▸ Collected data
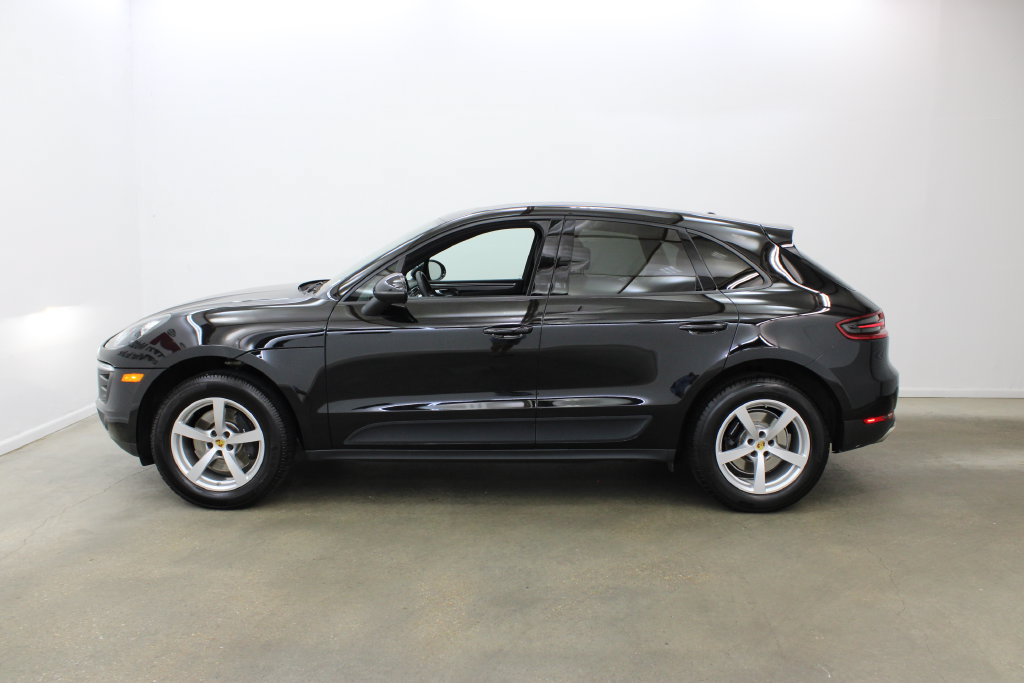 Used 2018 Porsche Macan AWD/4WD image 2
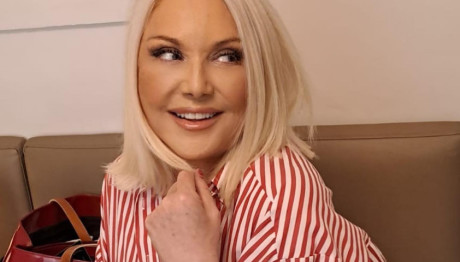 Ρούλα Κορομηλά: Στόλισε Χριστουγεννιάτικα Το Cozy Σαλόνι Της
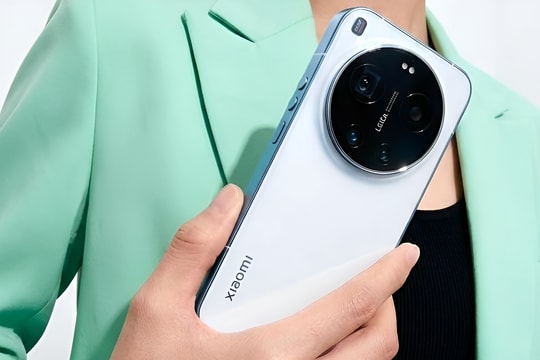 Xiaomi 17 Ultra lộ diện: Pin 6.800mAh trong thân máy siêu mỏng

▸ Exercise description
Omit the pictures. Repeat the rest of the data exactly.

▸ Answer to this problem
 Used 2018 Porsche Macan AWD/4WD image 2
 Ρούλα Κορομηλά: Στόλισε Χριστουγεννιάτικα Το Cozy Σαλόνι Της
 Xiaomi 17 Ultra lộ diện: Pin 6.800mAh trong thân máy siêu mỏng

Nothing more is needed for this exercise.